## Task details
Leave out all pictures while you copy the lines exactly from the one with "4e630bb5 b6dd 4644 ab19 eb89079bf180" through the last line of the listing.

## Information shown
####################
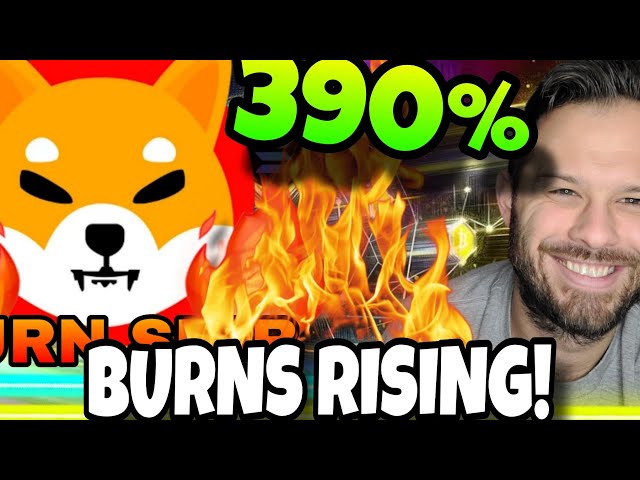 Shiba Inu硬幣| 390％的Shib Burns增長表明我們仍然很興奮！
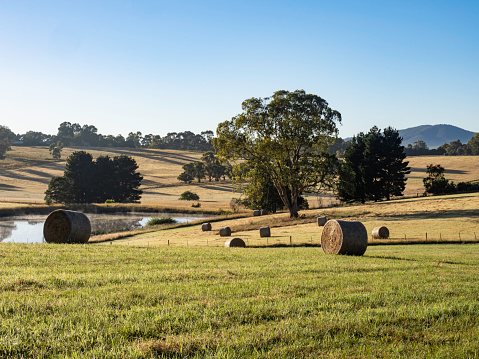 Early morning light on a paddock with rolled hay bales in the Yarra Valley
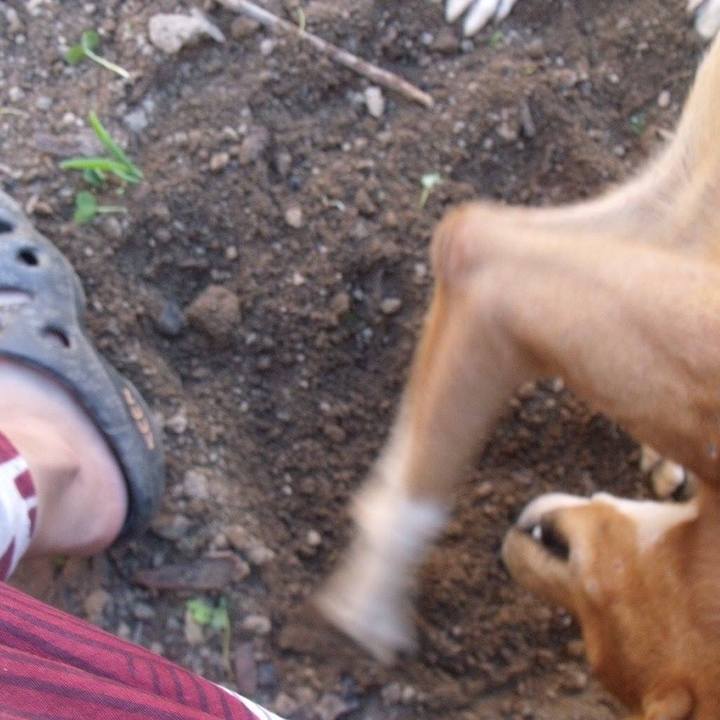 4e630bb5 b6dd 4644 ab19 eb89079bf180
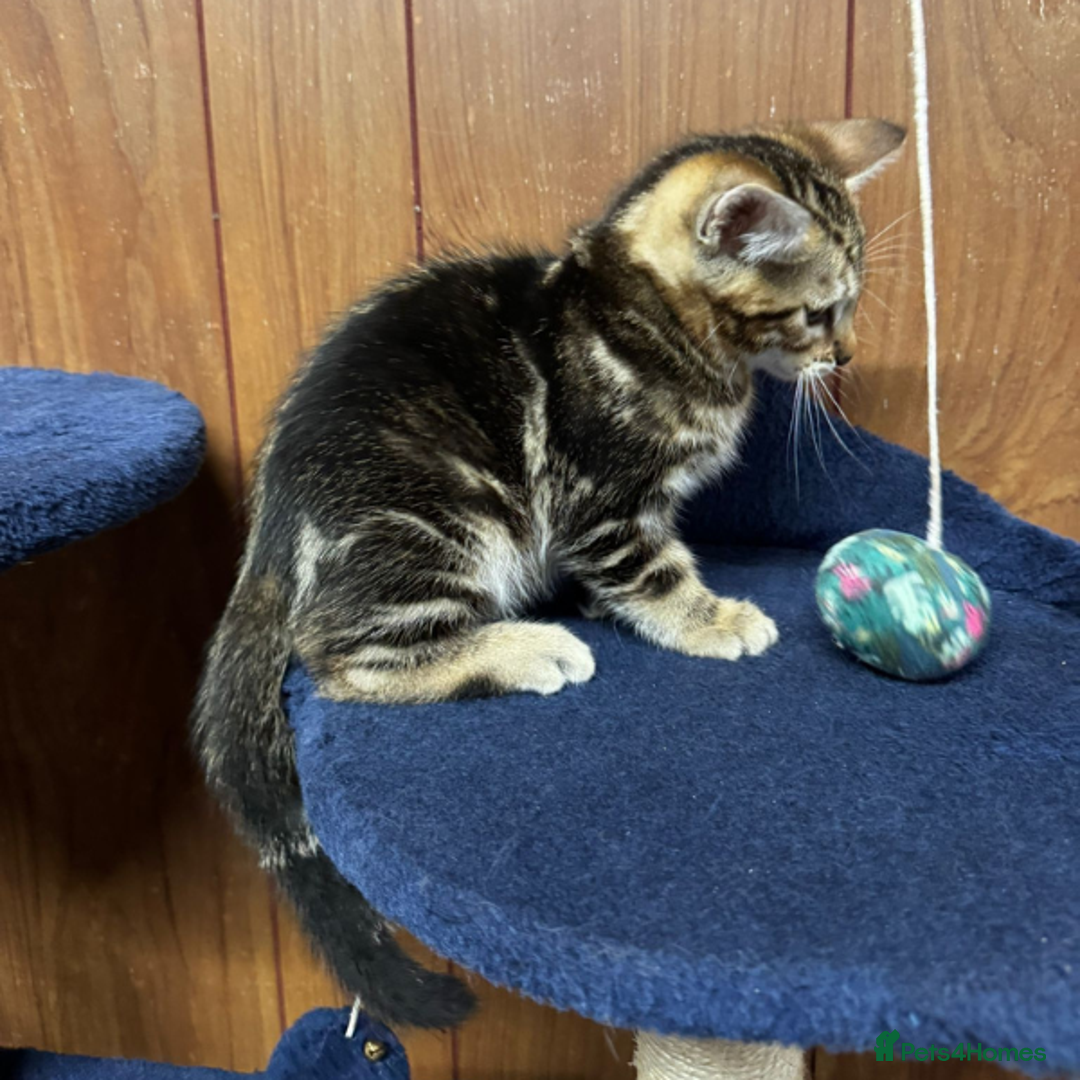 Bengal cats for sale: ​​Bengal Mix - Boy Kitten. Ready 2 Go! - Image 10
####################
## Response below
 4e630bb5 b6dd 4644 ab19 eb89079bf180
 Bengal cats for sale: ​​Bengal Mix - Boy Kitten. Ready 2 Go! - Image 10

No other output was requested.